Maybe it’s golf’s status as an activity of the elite that makes bending it towards destruction such an enjoyable concept. Your goal, in the recently announced Dangerous Golf, is to cause as much property damage, in dollars, as possible. “Smash a priceless chandelier,” reads the website for Dangerous Golf. “Destroy a kitchen full of china!” Satisfy that urge you get to obliterate the wealth gap, implies Three Fields Entertainment. Fuck the rich, I’m pretty sure is implicit. One of the three images we’ve seen so far includes a white marble bust shattering to pieces as a red-hot golf ball bursts from its chest like an alien parasite. Marx predicted as much when he said “The weapons with which the bourgeoisie felled feudalism to the ground are now turned against the bourgeoisie itself.”

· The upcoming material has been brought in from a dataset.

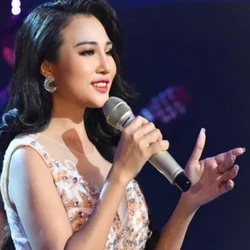 Ca sĩ bolero Phương Diễm Huyền: Từ những buổi hát livestream, video triệu view đến vụ án bản quyền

This proletariat theming carries over into the course design for Dangerous Golf. Most golf courses require a horrific amount of water to remain lush and green. In California, the Natural Resource Defense Council estimated that “an average Palm Springs golf course uses the same amount of water in one day that a family of four uses in one year.” Rather than take water from the thirsty mouths of the lower classes, why not turn anything into a golf course? Courses described by Three Fields Entertainment so far include a medieval castle, which seems pretty difficult to mess up, and a fancy ballroom, which seems less so. Best of all, fight back against the overpowering greed of the oil industry by blowing a gas station the fuck up.
While Dangerous Golf will be the studio’s first game, founders Alex Ward and Fiona Sperry have a pedigree in destruction. Black (2005), which they made while leading Critereon Games, was a first-person shooter which was mainly about how cool all the guns sounded. Burnout (2001), a game about smashing beautiful cars into flaming hunks of slag, was the beginning of their experimentation with wealth destruction. Look forward to their latest entry into the genre in May of this year.